Filling the gaps through open source contributions

A problem we faced fitting our requirements through Armeria is that we wanted services to be able to vary parameter values across methods within the same service. Armeria APIs for retries and circuit breaking only provided the means to set these parameter values at the level of the whole service, not at the level of the method. We contributed these features to Armeria by submitting pull requests that add them to retries and circuit breaking. Our collaboration experience with the Armeria core team was extremely pleasant. We added features to vary retry config and circuit breaking config by gRPC method, which came out with Armeria 1.3.

Results

Our initial results showed better load distribution and tail latency. Relying on DNS for service discovery directly resulted in even load distribution, which is great for effective capacity planning. Load distribution becomes even because DNS records come with a short TTL, after which the client gracefully refreshes the list of connections by redoing the DNS query, eliminating the need to periodically force connections to close based on their age. Figure 3, below, shows an example load distribution under this arrangement.

DNS graph
Figure 3: Refreshing DNS lookup based on TTL eliminates the need to periodically close connections, which leads to uniform load distribution among server pods. Compare this result to the uneven load distribution shown in Figure 1.

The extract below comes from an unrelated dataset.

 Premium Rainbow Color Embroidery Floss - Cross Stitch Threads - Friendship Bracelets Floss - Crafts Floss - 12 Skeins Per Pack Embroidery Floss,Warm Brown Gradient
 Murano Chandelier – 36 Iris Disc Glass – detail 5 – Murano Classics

Like load distribution, tail latency also got better. The periodic connection reestablishment used to come in sync with a slight periodic increase in tail latency. This periodic increase disappeared once we shifted to DNS-based service discovery, because connections are no longer terminated based on their age. Figure 4, below, shows a tail-latency comparison between the old client and our new Hermes-based client.

latency graph
Figure 4: The periodic spike (green) in tail latency that used to happen due to periodic connection reset disappeared after shifting to DNS-based service discovery (blue).

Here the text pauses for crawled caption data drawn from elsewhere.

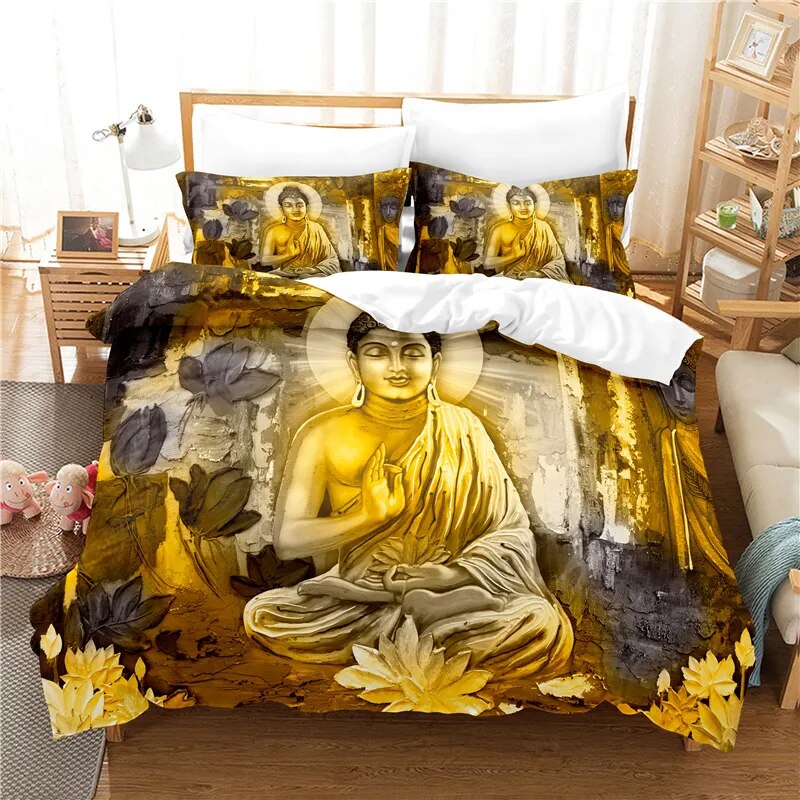 Golden Buddha Duvet Cover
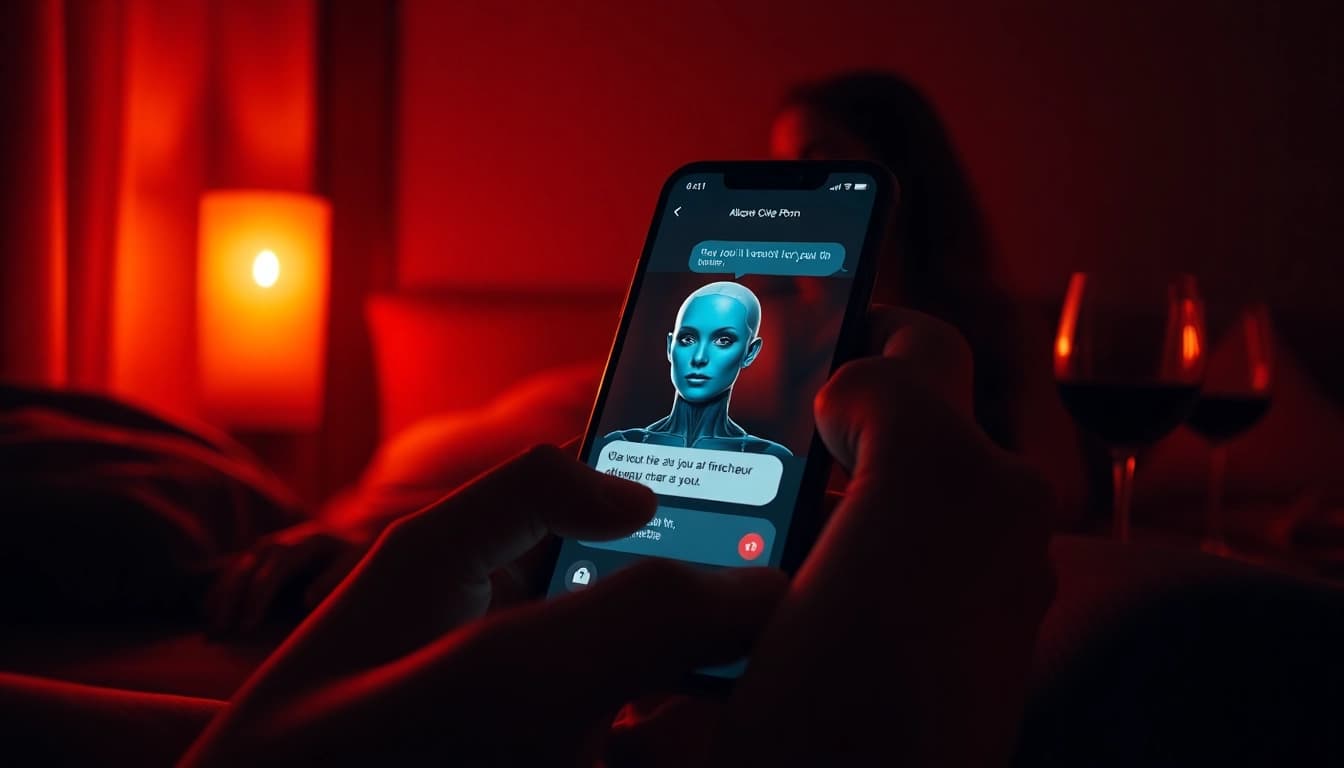AI chat porn conversation displayed on a smartphone in an intimate setting.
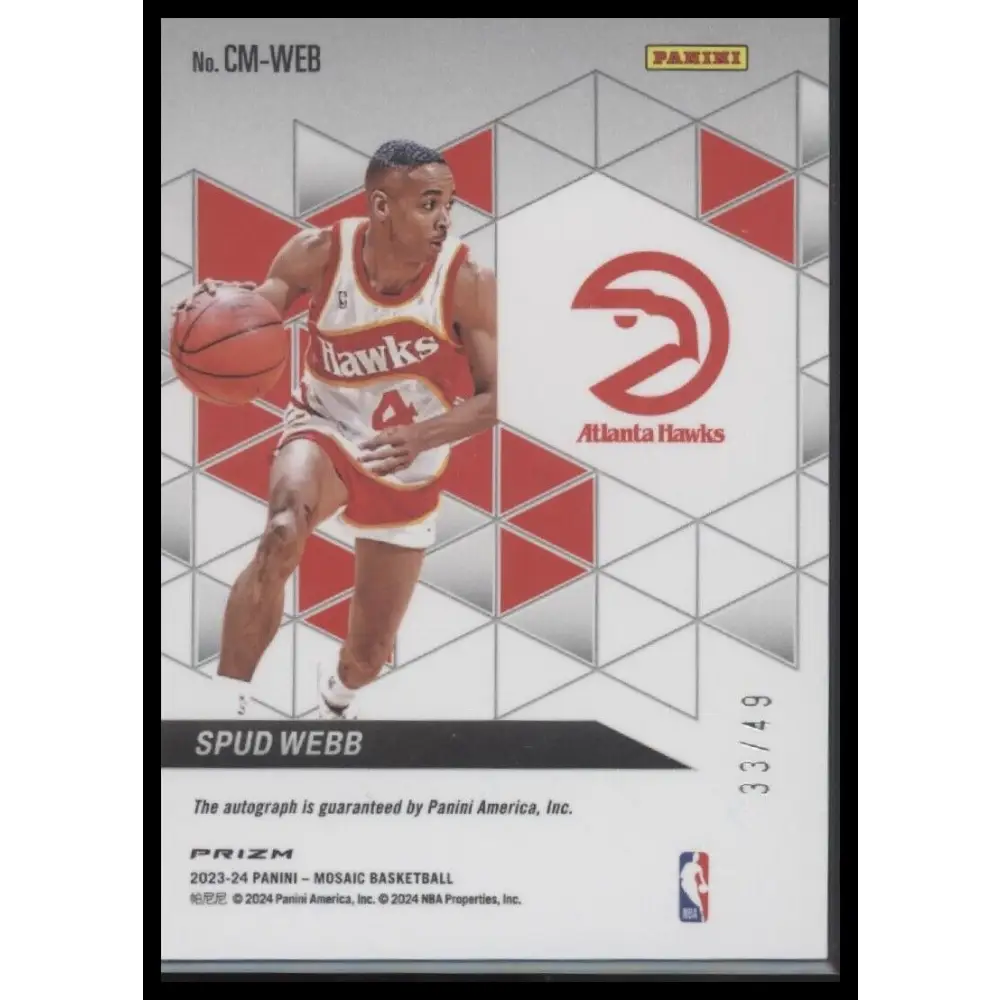 2023-24 Panini Mosaic #CM-WEB Spud Webb Collage Autographs Mosaic Blue #/49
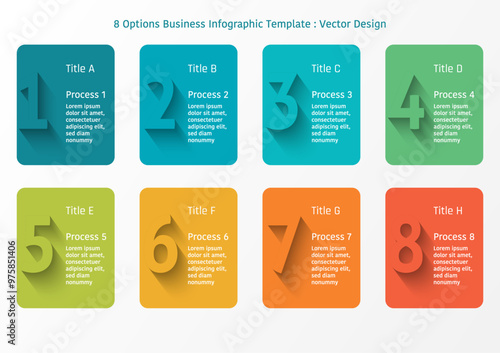 8 options business infographic template, theme of large number with shadow on colorful rectangular, with text frame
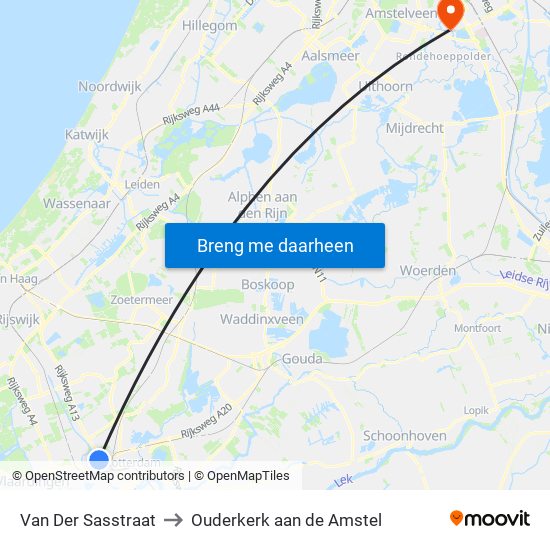 Van Der Sasstraat to Ouderkerk aan de Amstel map
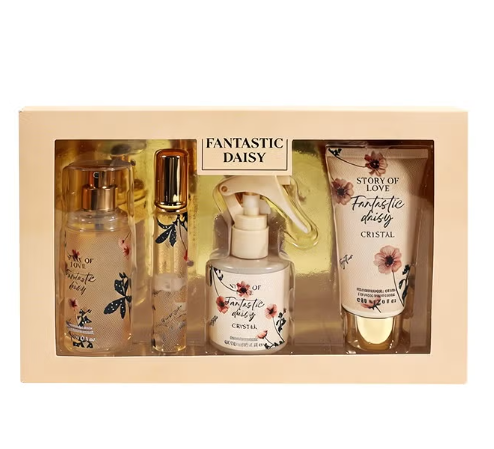 Mark Him Daisy 4PCS Fragrance Gift Set, Fragrance Mist Lotion Hair PerfumeEau de Parfum, All-In-One Floral Scent Body & Hair Fragrance Kit, Luxury Floral Gift for Women, Self-Care Set for Her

Other than performance improvements, the new standard gRPC client now gives several benefits:

  1. We gain more clarity and consistency about the client behavior in outage situations. Since all reliability configurations are centralized in the service definition, the odds of client misbehavior due to wrong configuration are minimal, and there is no confusion about how the client is reacting to failures, making it easier to reason whether or not it’s contributing to the problem.
  2. Cross-service features that are context-dependent became a lot easier to roll out. Since Hermes hides context headers propagation from the developers, a new context header does not need to be individually implemented in each service contributing to the feature.
  3. Consistent standard observability among all services means that virtually any backend developer can understand logs and metrics from any service.
  4. Packing the library with all the standard features like standard timeouts, automated retries, circuit breaking, logging and metrics, context propagation, and service-to-service authentication, relieves the service developers from implementing them everywhere, which allows them to move faster.

In general, the grand result is better service reliability and higher developer velocity.

Conclusion

In any environment which employs a microservice architecture, having a consistent service client standard is key to elevating overall reliability and developer velocity. By implementing the standard as a part of the service contract, with the help of Armeria as a base library, we were able to release a gRPC client library in a very short time, seamlessly enforcing a standard behavior, allowing client developers to write less code and make less mistakes, and allowing service owners to consistently control the reliability parameters of all their clients. This helps us decrease outage frequency due to human error and decrease our mean time to recovery, in addition to allowing developers to move much faster. For any organization that relies on gRPC microservices, this process can help achieve better reliability and developer velocity.